Milind M. Javle , Karthikeyan Murugesan , Rachna T. Shroff , Mitesh J. Borad , Reham Abdel-Wahab , Alexa Betzig Schrock , Jon Chung , Lipika Goyal , Garrett M. Frampton , Robin Kate Kelley , Vincent A. Miller , Jeffrey S. Ross , Tanios S. Bekaii-Saab , Siraj Mahamed Ali , Lee A. Albacker

Organizations

University of Texas MD Anderson Cancer Center, Houston, TX, Foundation Medicine, Inc., Cambridge, MA, The University of Texas MD Anderson Cancer Center, Houston, TX, Mayo Clinic Cancer Center, Scottsdale, AZ, Assiut University Hospital, Faculty of Medicine, Assiut, Egypt, Massachusetts General Hospital, Boston, MA, University of California San Francisco, San Francisco, CA, SUNY Upstate Medical University, Syracuse, NY, Mayo Clinic, Phoenix, AZ

Research Funding

Other

Background: The management of CCA has evolved as targeted and immune checkpoint inhibitor (ICPI) therapies have emerged. We used comprehensive genomic profiling (CGP) to characterize the genomic alterations (GA) that have potential to personalize therapy for CCA. Methods: 3634 CCA underwent hybrid capture based CGP on 0.8-1.1 Mb of the coding genome to identify GAs in exons and select introns in up to 404 genes, TMB, microsatellite status (MSI) and % monoallelic genome (gLOH). PD-L1 expression was determined by IHC (Dako 22C3). Results: 52% of CCA were female with a median age of 62 years (range 16 - > 89). The most common biopsy sites were liver (74%), lymph node (4%), bile duct (3.3%), and lung (2%).
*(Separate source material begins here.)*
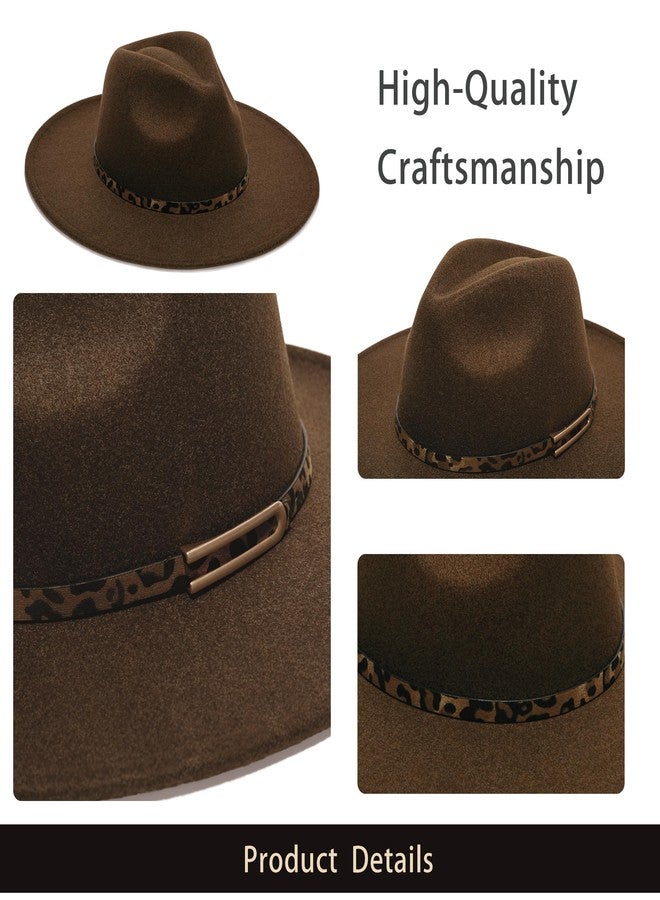 YOUBADU Wide Brim Fedora Hat for Women, Faux Wool Felt, Animal Print Band, Classic Western Style, Brown Leopard, M/One size - Image 5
MSI-high was rare (1%), 118 and 47 cases had TMB > 10 and > 20 mut/mb respectively. Of the latter, 51% (24/47) were MSI-H. PD-L1 amplification (AMP) was present in 0.27%. Of 490 CCA tested, 43 (9%) were positive for PD-L1 expression. 11% of cases had gLOH > 16%, only 2 cases had both TMB > 20 and gLOH > 16%. GA were most common in TP53 (31%), CDKN2A (29%), KRAS (20%) and ARID1A (17%). Potentially targetable GAs included FGFR2 (11%, 85% fusions), BRAF (5%, 50% V600E), ERBB2 (5%, 72% AMP), MET (2%, 90% AMP), EGFR (0.52%) and rarer ( < 0.5%) FGFR3, RET, FGFR1, ALK, and ROS1 fusions. The FGFR2 fusions had 128 unique 3’ partner genes including BICC1 (26%), CCDC6 (3.2%), AHCYL1 (2.6%) and KIAA1217 (2.6%). FGFR2 fusions occurred in a mutually exclusive fashion from high gLOH (p < 0.002), but not high TMB. GA in IDH1 (15%) were mutually exclusive of FGFR2 fusions (p < 1e-13), but co-occurred with PBRM1 GA (23%, p < 1e-21), ARID1A (26% p < 1e-10). IDH1 GA had gLOH similar to the overall CCA population but were enriched for low TMB (p < 1e-3). Conclusions: Nearly 20% of CCA cases harbor targetable kinase GA, half of which were FGFR2 fusions. Independently, an additional 10% (gLOH) and 1% (high TMB, MSI and/or PD-L1 AMP) may benefit from PARP inhibitors and ICPI respectively. Independently, co-mutation of IDH1 and PBRM1/ARID1A defines a class of CCA that warrants further investigation for sensitivity to PARP inhibitors and may serve as a paradigm for other tumors (ie. gliomas) with a similar co-occurrence landscape.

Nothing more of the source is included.